# Common Issues

## Connection issues

<details>

<summary>404 Not Found when accessing the CSV URL</summary>

This is the most common issue with the CSV destination. The URL exists but returns a 404 error because the data flow has never completed a successful run.

**Fix:** Go back to your data flow in Coupler.io and click **Save and Run**. Wait for the run to complete successfully. Once at least one run has finished, the URL will return data.

{% hint style="danger" %}
Do not share or use the CSV URL in any downstream tool until the first successful run is complete. The 404 will persist until data has been written to the endpoint.
{% endhint %}

</details>

<details>

<summary>URL stops working or returns 404 after previously working</summary>

If the URL was working and then stopped, the access token may have been regenerated. This happens when someone clicks the **Update** button in the destination settings, which creates a new URL and invalidates the old one.

**Fix:** Open the data flow in Coupler.io, go to the destination settings, and copy the current URL. Update any tools or scripts that were using the old link.

</details>

## Data issues

<details>

<summary>Special characters appear garbled when opening in Excel</summary>

If accented characters, currency symbols, or non-Latin text appear as garbled characters when you open the CSV file in Microsoft Excel, the Excel-friendly mode (BOM) may be turned off.
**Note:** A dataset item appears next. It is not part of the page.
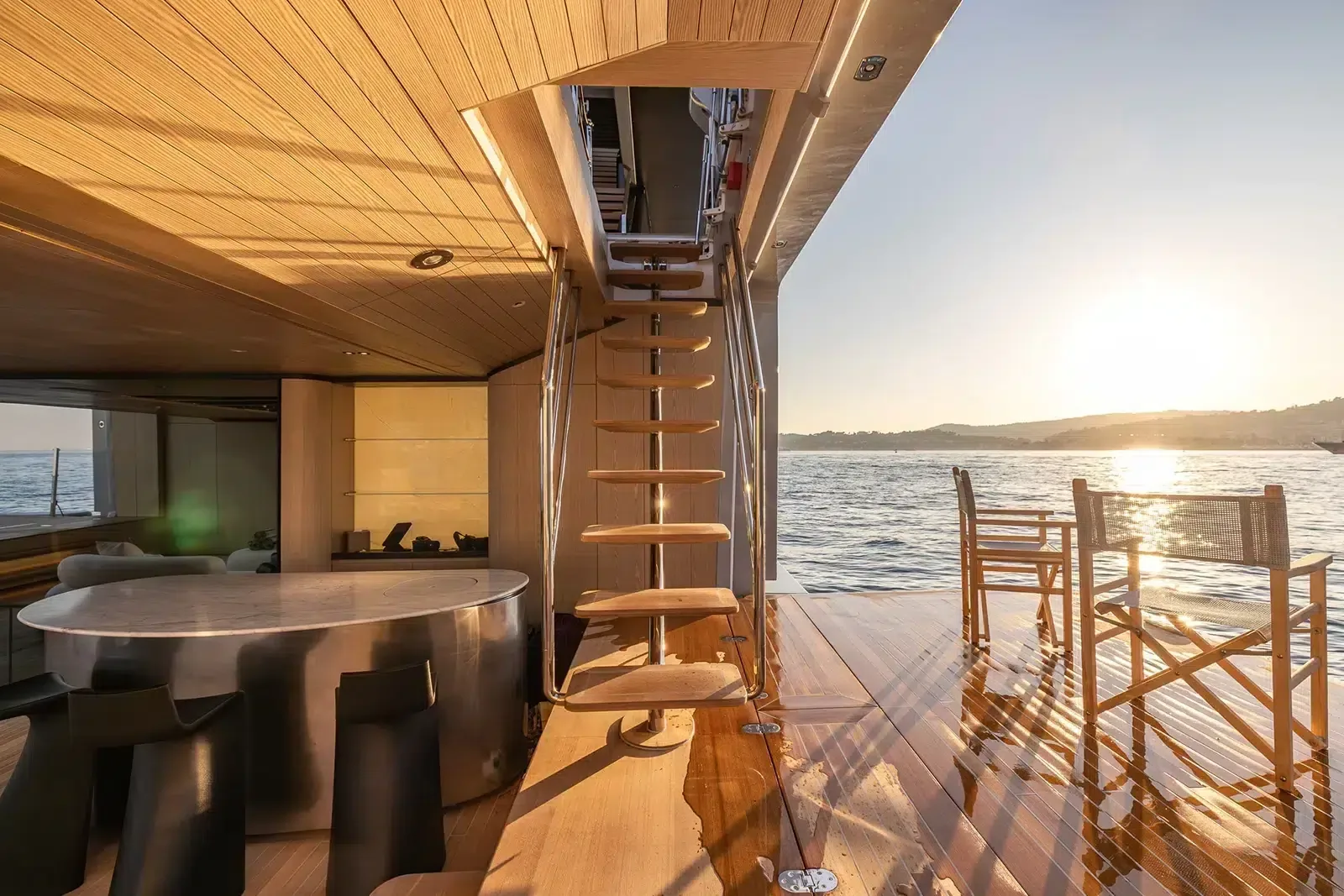 VIRTUOSITY - photo 15 yacht charter Cannes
**Fix:** Open your data flow's destination settings and make sure **Excel-friendly mode** is enabled. This adds a byte order mark (BOM) to the file, which tells Excel to interpret the file as UTF-8. Re-run the data flow after enabling it.

{% hint style="info" %}
This setting is enabled by default. If you previously disabled it and are opening the file in Excel, turn it back on.
{% endhint %}

</details>

<details>

<summary>Column headers are missing from the CSV file</summary>

If your CSV file starts directly with data rows and has no header row, the **Include headers** setting may be turned off.
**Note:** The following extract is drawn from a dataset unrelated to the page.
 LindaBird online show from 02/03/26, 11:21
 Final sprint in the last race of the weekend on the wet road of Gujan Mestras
**Fix:** Open your data flow's destination settings and make sure **Include headers** is enabled. Re-run the data flow. The first row of the CSV file will contain column names.

</details>

<details>

<summary>Fields containing commas or line breaks break the CSV structure</summary>

If field values contain commas, double quotes, or line breaks, they should be properly escaped in the CSV output. If a downstream tool is not parsing the file correctly, the issue is likely in how that tool handles CSV quoting.
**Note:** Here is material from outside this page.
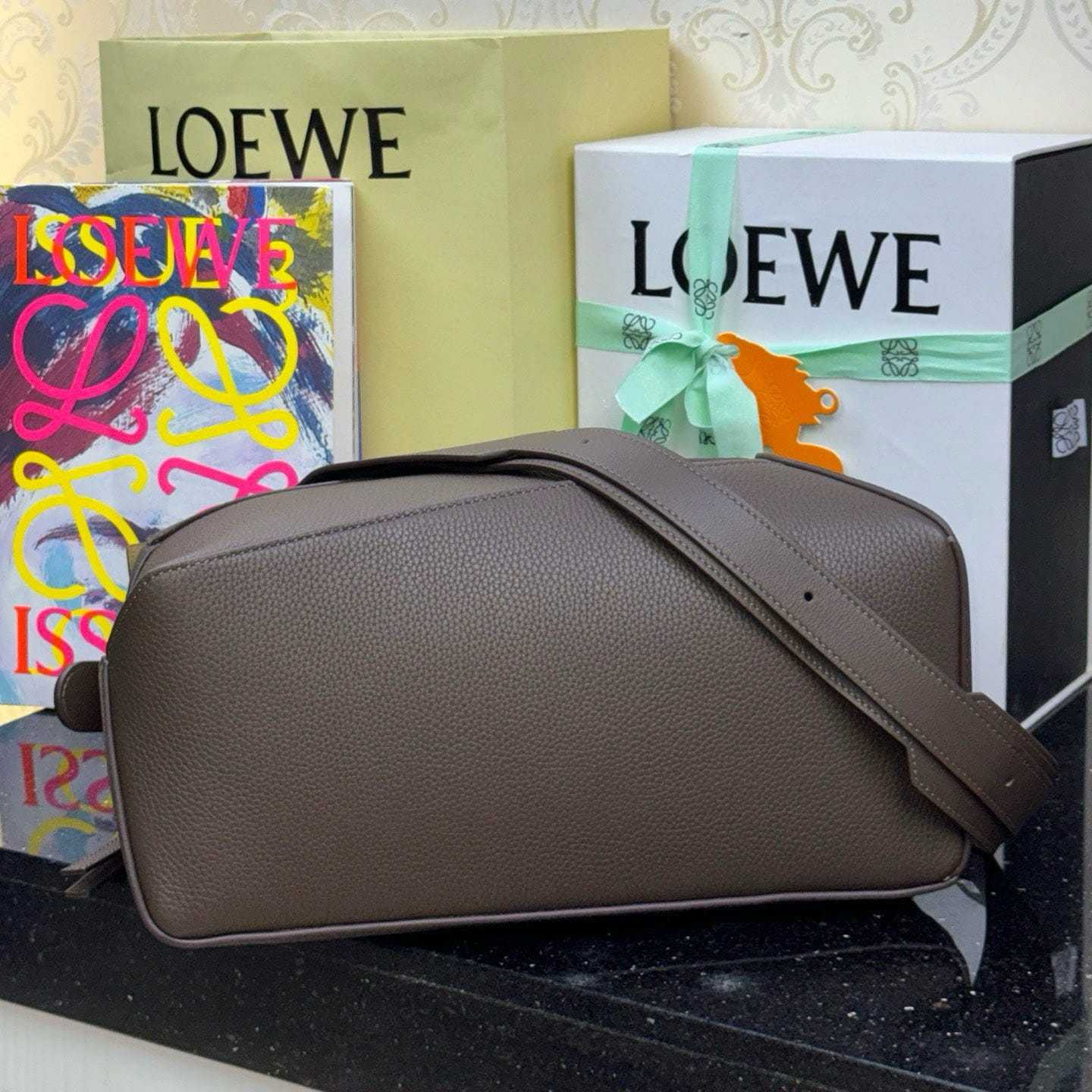 高仿Loewe*Puzzle系列6416小牛皮斜挎包深棕色大號免檢版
**Fix:** Verify that your consuming tool supports RFC 4180-compliant CSV parsing. Most modern tools (Excel, Google Sheets, Python's csv module, pandas) handle quoted fields correctly. If you are using a custom parser, make sure it respects double-quote escaping.

</details>

## Permission errors

<details>

<summary>Access token is invalid or expired</summary>

The CSV URL includes an access token as a query parameter. If this token has been invalidated (by clicking **Update** in destination settings), anyone using the old URL will receive an authentication error.

**Fix:** Retrieve the new URL from your data flow's destination settings and distribute it to any users or tools that need access. Treat the access token like a password — avoid sharing it publicly.

{% hint style="warning" %}
The access token in the CSV URL grants read access to your exported data. Do not post the full URL in public forums or issue trackers.